The generic manufacturers have painted themselves as mavericks, introducing competition and price competition into a space that was dominated by a monopolist provider. One could, however, argue that the generic k-cup manufacturers are free riders. Keurig gives away the machines and makes up for the loss through profits on the cartridges. It’s a legitimate pricing model. But that pricing creates an opening for generics. By causing the cost of the machines to be borne by the cartridges, Keurig has to price the cartridges at more than the marginal cost of the cartridge itself. Free of the having to internalize the cost of making the machines, the generic can price at the cartridge’s cost alone and thereby is able to take price sensitive customers away from Keurig. In essence, the generic is exploiting a flaw in Keurig’s pricing scheme. Under this scenario, however, you cannot conclude that the lower prices offered by the generic reflect greater efficiency.

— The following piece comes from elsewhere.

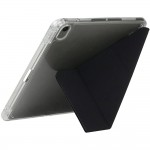 Чохол-книжка BeCover Ultra Slim Origami Transparent з кріпленням Apple для Apple iPad Mini 7 2024 Black (712934) Чохол-книжка BeCover Ultra Slim Origami Transparent з кріпленням Apple для Apple iPad Mini 7 2024 Black (712934)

Indeed, you could very well conclude that their pricing was nothing more than free riding off Keurig’s investment in the technology, branding and advertising.

More importantly, however, is the relevant antitrust market. By defining it as k-cups, the plaintiffs have in effect drawn the most narrow relevant market they could have in which there might be an effect from Keurig’s “exclusionary” practices. I suspect that the relevant market is larger than just k-cups. The machines aren’t expensive. Just because a purchaser buys a Keurig does not mean that they are locked in to that particular machine in all of their canteens everywhere. And there are many different ways of making a cup of coffee, not just these single serve machines. The plausibility of these narrow markets is fairly weak. Indeed, I’d suggest that the relevant market is for coffee systems, not just k-cups.

But the plaintiffs have written a compelling complaint, certainly compelling enough to induce quite a few follow-ons. It will be interesting to see if the initial motion to dismiss will succeed.